* [Records for processing]:
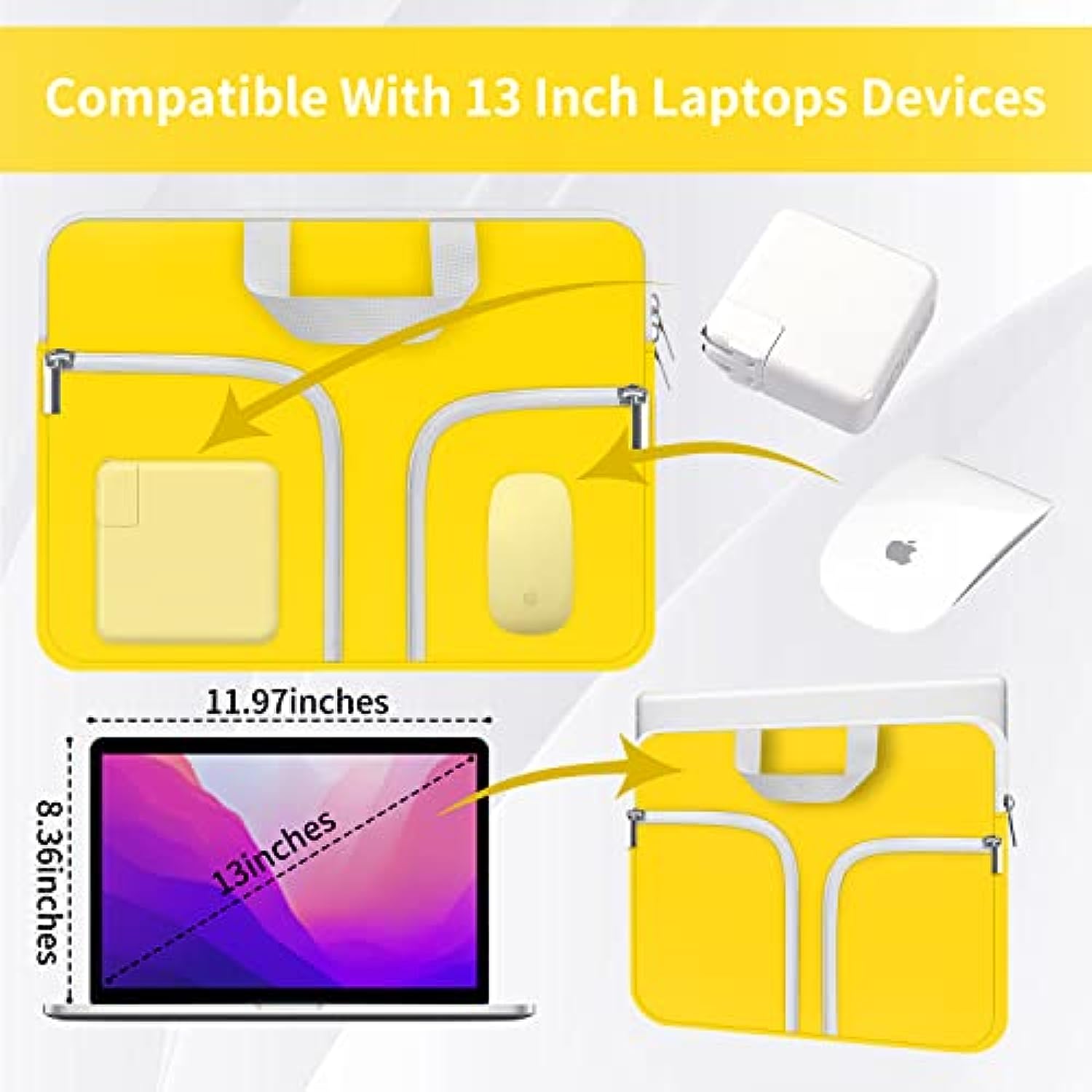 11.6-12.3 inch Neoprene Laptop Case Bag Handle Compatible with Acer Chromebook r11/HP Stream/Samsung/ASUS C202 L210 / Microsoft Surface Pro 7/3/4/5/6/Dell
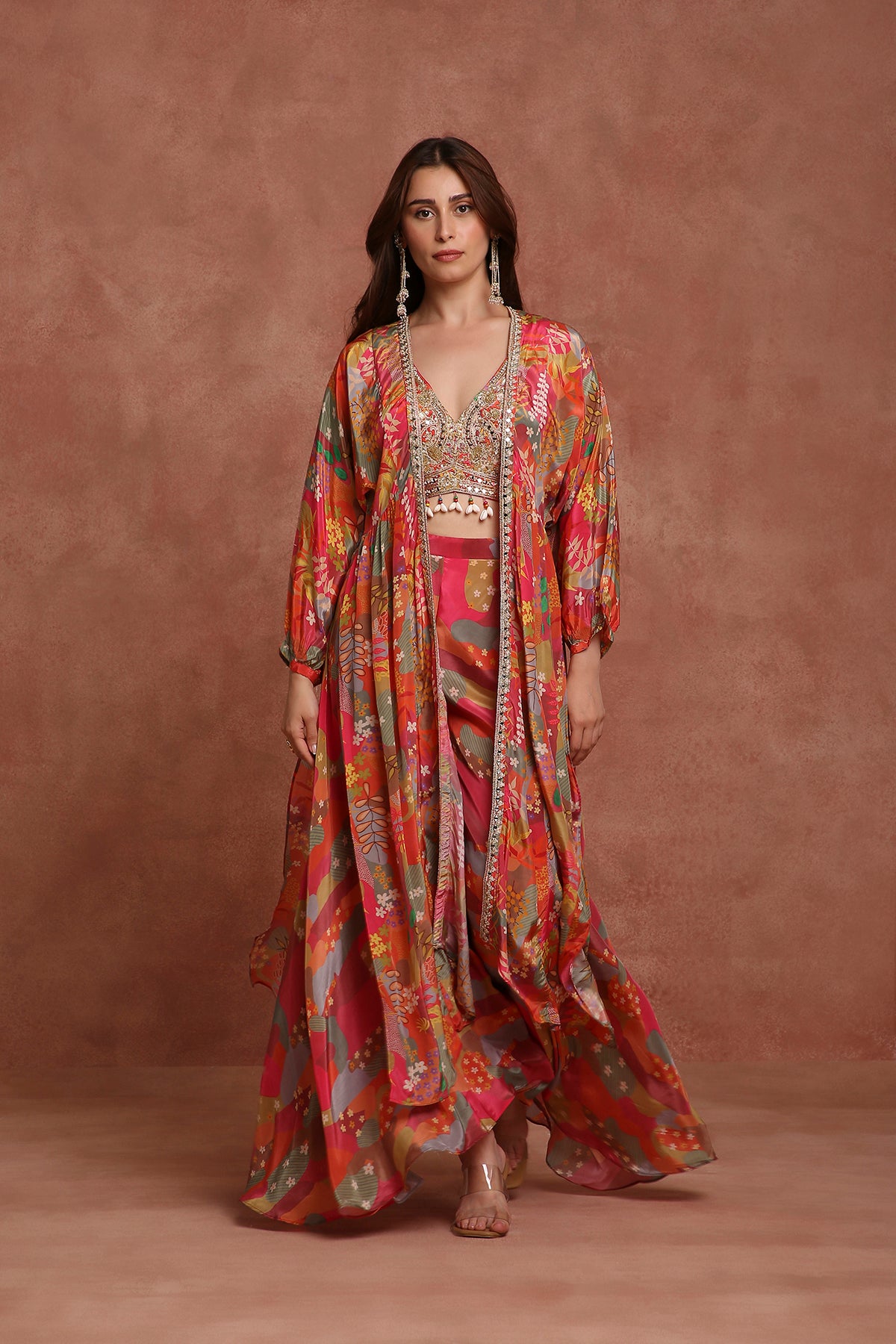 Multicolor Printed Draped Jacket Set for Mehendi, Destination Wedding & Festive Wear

* * *

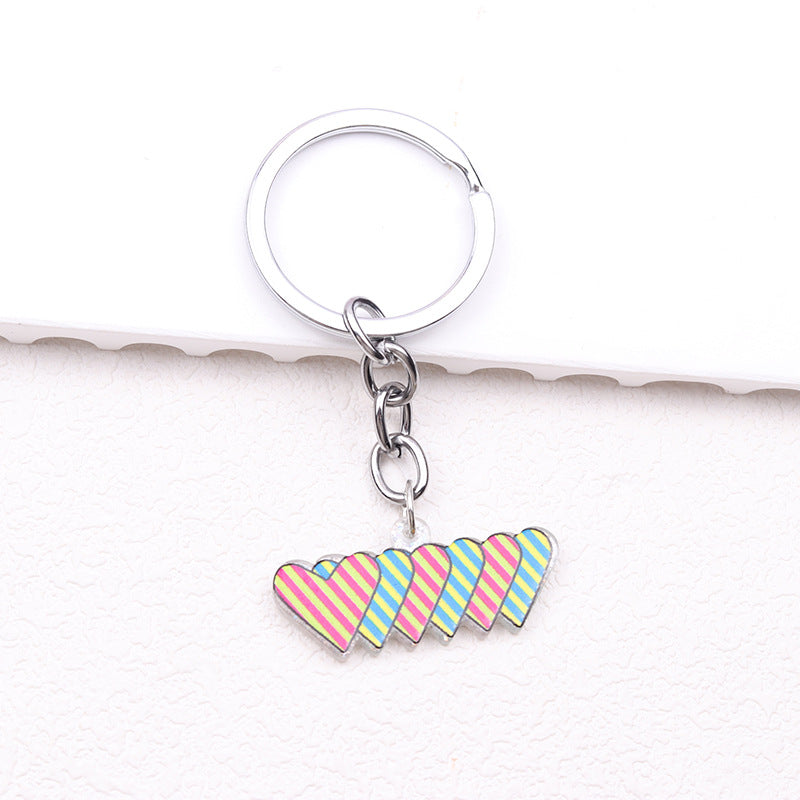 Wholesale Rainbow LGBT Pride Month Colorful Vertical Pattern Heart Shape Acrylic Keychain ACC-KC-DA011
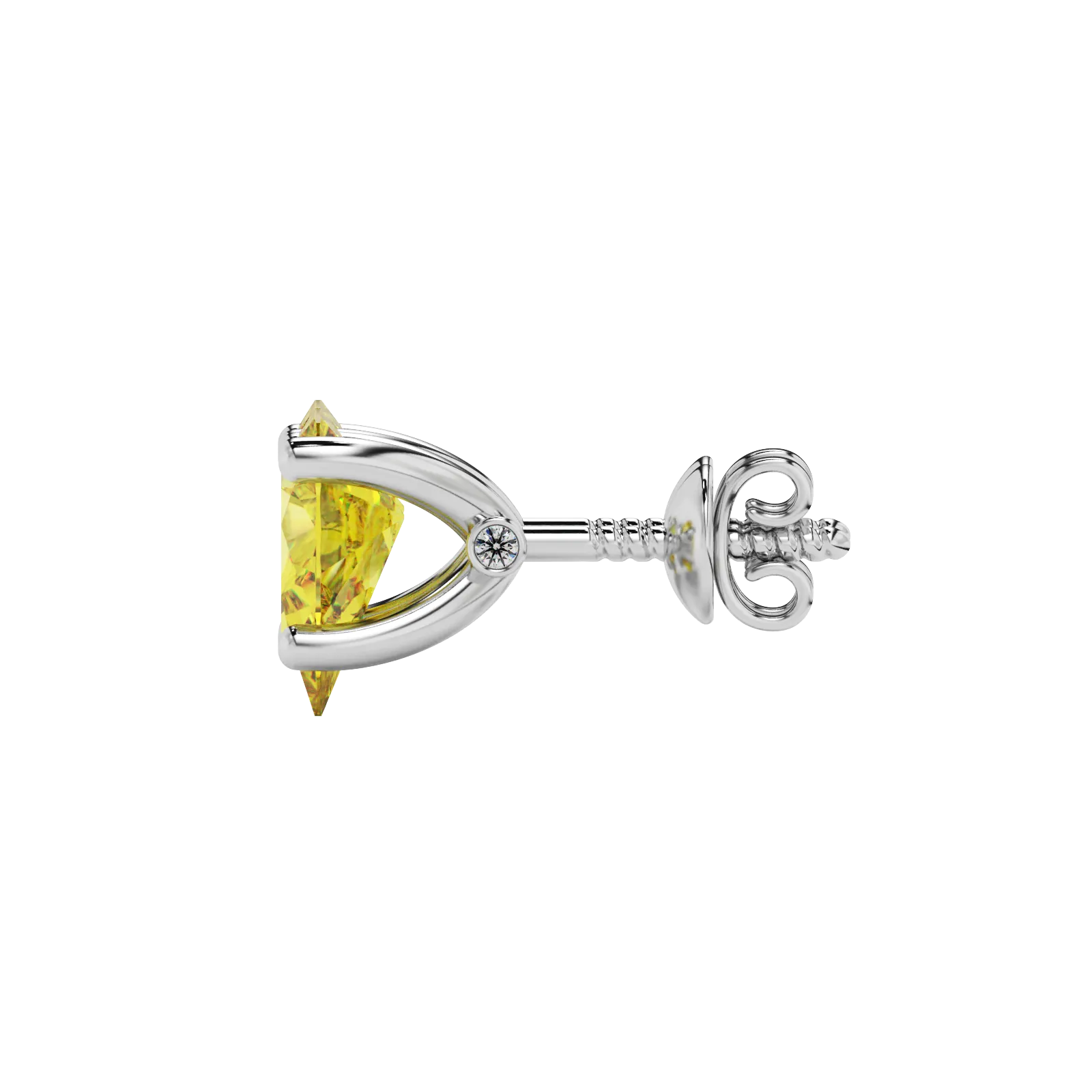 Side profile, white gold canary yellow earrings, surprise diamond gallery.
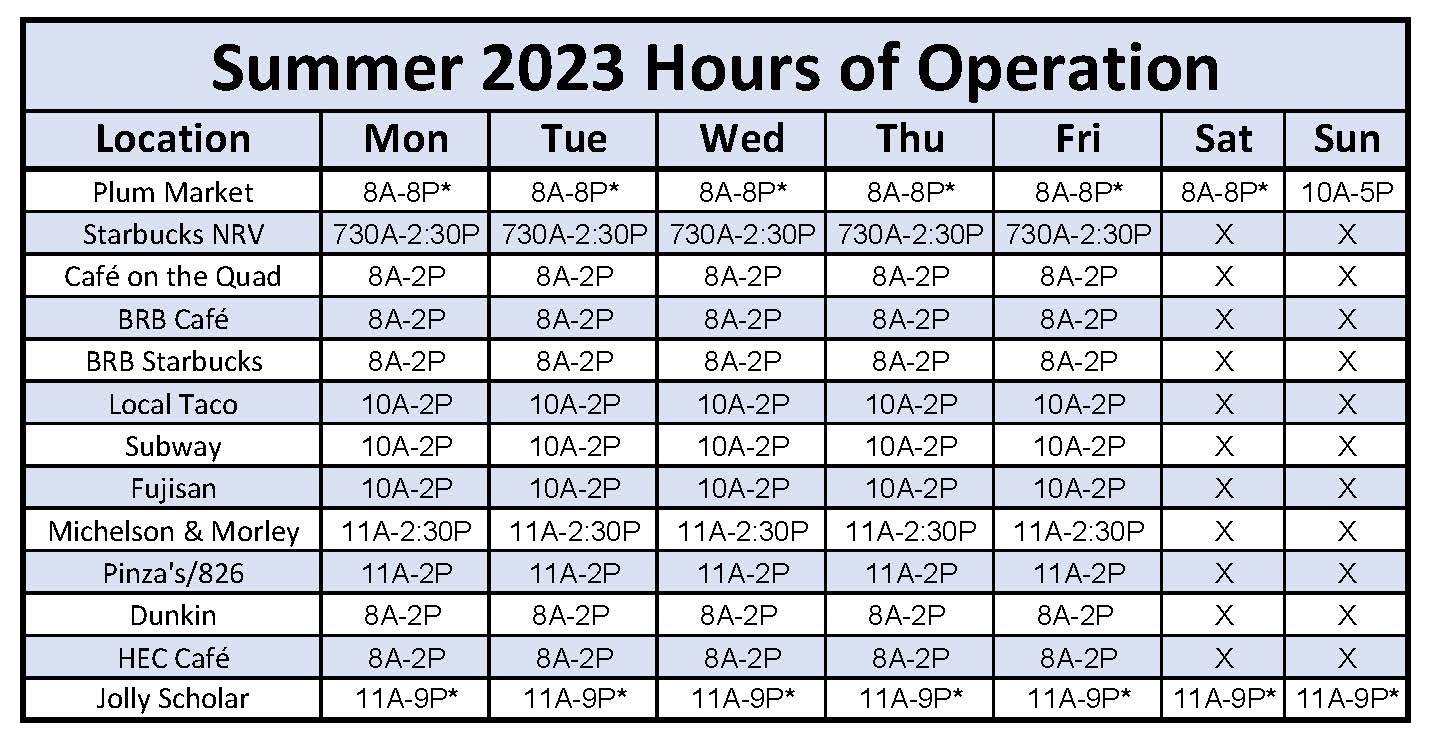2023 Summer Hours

* [Work order]:
Nothing but the lines above from the one that has "11.6-12.3 inch Neoprene" down to the one that has "Multicolor Printed Draped" belongs in the answer, copied exactly, without pictures.

* [Solution to this problem]:
 11.6-12.3 inch Neoprene Laptop Case Bag Handle Compatible with Acer Chromebook r11/HP Stream/Samsung/ASUS C202 L210 / Microsoft Surface Pro 7/3/4/5/6/Dell
 Multicolor Printed Draped Jacket Set for Mehendi, Destination Wedding & Festive Wear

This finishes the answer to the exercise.